AIM OF THE TASK
From the records below, copy out exactly the lines from the one containing "To My Beautiful" to the one containing "Peeking Pets Stamps Samples", both included. Add nothing else.

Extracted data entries
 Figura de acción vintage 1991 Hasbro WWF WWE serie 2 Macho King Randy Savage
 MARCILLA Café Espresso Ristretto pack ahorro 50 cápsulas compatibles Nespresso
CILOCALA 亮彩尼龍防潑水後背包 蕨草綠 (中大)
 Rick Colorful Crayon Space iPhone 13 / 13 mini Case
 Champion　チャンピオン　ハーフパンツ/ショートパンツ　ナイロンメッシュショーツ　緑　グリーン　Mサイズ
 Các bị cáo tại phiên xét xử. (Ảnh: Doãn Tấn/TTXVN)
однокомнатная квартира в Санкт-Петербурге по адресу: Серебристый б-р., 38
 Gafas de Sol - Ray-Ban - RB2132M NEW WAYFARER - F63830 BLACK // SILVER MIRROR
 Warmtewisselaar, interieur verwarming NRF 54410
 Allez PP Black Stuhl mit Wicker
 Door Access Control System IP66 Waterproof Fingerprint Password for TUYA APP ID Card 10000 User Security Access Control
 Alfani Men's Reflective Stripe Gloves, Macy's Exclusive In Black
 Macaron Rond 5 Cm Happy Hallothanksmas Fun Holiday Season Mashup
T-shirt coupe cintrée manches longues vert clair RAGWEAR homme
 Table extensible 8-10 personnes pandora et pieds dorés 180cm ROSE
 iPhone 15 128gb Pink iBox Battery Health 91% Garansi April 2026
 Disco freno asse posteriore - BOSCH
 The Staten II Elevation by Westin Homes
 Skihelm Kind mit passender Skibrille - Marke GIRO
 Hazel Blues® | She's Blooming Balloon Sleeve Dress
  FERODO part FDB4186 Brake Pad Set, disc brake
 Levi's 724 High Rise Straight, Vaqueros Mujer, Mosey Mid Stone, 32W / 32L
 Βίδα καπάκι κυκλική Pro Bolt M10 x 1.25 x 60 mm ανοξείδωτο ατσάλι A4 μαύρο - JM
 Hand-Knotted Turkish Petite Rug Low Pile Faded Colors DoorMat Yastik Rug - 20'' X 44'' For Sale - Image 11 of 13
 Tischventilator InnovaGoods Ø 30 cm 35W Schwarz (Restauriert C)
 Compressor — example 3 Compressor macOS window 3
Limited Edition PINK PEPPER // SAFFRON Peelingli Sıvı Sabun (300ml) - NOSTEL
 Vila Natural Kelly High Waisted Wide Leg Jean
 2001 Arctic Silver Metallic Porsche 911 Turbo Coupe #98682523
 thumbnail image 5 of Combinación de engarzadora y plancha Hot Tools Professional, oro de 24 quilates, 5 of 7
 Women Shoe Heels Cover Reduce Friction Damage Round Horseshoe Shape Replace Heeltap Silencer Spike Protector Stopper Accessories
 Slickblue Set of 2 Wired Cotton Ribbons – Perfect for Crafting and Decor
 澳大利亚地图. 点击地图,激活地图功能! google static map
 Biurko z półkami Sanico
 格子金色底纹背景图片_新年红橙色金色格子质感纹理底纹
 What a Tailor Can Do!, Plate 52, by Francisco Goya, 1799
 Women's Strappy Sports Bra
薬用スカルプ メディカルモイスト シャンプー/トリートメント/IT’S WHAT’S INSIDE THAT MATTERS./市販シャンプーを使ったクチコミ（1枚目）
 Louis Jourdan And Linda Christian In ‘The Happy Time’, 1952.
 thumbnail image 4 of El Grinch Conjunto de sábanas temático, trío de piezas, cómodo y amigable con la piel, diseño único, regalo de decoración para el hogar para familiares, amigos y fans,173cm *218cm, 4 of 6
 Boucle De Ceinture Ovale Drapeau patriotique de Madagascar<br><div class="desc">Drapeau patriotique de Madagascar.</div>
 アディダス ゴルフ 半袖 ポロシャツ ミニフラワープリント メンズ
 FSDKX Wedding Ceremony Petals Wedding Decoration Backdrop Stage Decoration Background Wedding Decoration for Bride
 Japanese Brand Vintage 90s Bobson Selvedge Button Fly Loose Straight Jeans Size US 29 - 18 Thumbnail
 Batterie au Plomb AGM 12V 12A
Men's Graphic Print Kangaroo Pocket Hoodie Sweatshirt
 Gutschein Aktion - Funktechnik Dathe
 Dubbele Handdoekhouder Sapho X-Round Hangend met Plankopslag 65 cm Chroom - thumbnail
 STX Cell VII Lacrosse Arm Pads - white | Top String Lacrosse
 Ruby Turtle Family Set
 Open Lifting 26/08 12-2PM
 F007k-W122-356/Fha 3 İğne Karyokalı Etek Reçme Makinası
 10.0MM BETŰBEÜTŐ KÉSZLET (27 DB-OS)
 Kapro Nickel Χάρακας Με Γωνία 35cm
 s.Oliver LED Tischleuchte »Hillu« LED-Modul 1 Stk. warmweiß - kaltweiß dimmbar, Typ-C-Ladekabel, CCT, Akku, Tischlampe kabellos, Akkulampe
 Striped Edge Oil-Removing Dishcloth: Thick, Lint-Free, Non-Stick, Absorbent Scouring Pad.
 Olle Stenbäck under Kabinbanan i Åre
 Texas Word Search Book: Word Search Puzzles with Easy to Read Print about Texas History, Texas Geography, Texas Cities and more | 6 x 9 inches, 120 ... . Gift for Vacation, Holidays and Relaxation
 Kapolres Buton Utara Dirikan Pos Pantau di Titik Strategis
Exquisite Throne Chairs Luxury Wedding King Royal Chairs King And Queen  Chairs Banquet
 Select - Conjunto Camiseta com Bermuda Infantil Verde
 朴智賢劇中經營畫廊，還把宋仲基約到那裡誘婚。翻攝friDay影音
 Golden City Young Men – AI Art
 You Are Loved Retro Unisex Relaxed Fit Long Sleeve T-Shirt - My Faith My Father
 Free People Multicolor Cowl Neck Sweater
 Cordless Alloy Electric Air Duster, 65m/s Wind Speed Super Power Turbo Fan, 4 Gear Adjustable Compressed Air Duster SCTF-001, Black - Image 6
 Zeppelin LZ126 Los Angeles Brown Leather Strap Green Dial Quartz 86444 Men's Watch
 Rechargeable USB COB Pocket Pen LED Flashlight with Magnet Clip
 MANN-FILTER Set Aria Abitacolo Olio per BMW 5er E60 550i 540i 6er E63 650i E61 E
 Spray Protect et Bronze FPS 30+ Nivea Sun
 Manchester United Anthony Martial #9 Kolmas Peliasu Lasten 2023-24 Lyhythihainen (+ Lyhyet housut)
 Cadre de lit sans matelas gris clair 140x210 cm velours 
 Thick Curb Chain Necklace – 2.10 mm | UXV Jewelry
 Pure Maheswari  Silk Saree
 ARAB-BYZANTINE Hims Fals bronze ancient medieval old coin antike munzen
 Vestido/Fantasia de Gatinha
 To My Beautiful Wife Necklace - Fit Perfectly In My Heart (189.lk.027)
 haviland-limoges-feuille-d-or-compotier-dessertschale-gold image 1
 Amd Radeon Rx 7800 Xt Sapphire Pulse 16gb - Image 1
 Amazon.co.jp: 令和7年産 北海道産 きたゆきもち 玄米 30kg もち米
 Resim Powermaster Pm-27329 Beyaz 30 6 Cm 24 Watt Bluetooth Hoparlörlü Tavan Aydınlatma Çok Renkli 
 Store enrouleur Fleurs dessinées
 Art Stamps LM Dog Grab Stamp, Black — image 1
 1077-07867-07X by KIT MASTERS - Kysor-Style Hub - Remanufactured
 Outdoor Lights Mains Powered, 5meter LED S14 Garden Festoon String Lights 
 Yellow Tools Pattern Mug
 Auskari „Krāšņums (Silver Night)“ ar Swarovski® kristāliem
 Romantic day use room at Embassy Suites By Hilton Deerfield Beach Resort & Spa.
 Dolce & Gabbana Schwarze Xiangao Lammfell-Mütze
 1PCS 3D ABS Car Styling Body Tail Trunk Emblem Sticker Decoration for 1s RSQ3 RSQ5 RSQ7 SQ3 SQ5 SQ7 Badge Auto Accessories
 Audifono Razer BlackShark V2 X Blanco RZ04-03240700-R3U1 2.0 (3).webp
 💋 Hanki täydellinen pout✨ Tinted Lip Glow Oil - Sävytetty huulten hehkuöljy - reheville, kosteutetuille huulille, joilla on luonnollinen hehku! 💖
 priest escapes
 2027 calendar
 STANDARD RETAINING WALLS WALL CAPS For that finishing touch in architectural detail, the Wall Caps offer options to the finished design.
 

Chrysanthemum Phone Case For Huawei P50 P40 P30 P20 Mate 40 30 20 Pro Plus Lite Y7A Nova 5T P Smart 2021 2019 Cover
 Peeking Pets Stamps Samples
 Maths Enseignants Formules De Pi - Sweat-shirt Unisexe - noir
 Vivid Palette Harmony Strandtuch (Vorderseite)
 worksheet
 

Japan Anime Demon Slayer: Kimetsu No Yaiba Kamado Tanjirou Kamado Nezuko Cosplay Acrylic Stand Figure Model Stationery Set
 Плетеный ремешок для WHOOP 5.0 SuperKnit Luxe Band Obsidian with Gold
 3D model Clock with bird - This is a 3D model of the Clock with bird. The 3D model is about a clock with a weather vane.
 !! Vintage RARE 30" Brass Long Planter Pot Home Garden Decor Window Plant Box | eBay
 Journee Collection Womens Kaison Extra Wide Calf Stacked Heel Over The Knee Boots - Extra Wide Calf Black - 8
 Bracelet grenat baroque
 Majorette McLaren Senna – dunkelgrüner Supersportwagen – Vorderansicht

TASK OUTPUT
 To My Beautiful Wife Necklace - Fit Perfectly In My Heart (189.lk.027)
 haviland-limoges-feuille-d-or-compotier-dessertschale-gold image 1
 Amd Radeon Rx 7800 Xt Sapphire Pulse 16gb - Image 1
 Amazon.co.jp: 令和7年産 北海道産 きたゆきもち 玄米 30kg もち米
 Resim Powermaster Pm-27329 Beyaz 30 6 Cm 24 Watt Bluetooth Hoparlörlü Tavan Aydınlatma Çok Renkli 
 Store enrouleur Fleurs dessinées
 Art Stamps LM Dog Grab Stamp, Black — image 1
 1077-07867-07X by KIT MASTERS - Kysor-Style Hub - Remanufactured
 Outdoor Lights Mains Powered, 5meter LED S14 Garden Festoon String Lights 
 Yellow Tools Pattern Mug
 Auskari „Krāšņums (Silver Night)“ ar Swarovski® kristāliem
 Romantic day use room at Embassy Suites By Hilton Deerfield Beach Resort & Spa.
 Dolce & Gabbana Schwarze Xiangao Lammfell-Mütze
 1PCS 3D ABS Car Styling Body Tail Trunk Emblem Sticker Decoration for 1s RSQ3 RSQ5 RSQ7 SQ3 SQ5 SQ7 Badge Auto Accessories
 Audifono Razer BlackShark V2 X Blanco RZ04-03240700-R3U1 2.0 (3).webp
 💋 Hanki täydellinen pout✨ Tinted Lip Glow Oil - Sävytetty huulten hehkuöljy - reheville, kosteutetuille huulille, joilla on luonnollinen hehku! 💖
 priest escapes
 2027 calendar
 STANDARD RETAINING WALLS WALL CAPS For that finishing touch in architectural detail, the Wall Caps offer options to the finished design.
 

Chrysanthemum Phone Case For Huawei P50 P40 P30 P20 Mate 40 30 20 Pro Plus Lite Y7A Nova 5T P Smart 2021 2019 Cover
 Peeking Pets Stamps Samples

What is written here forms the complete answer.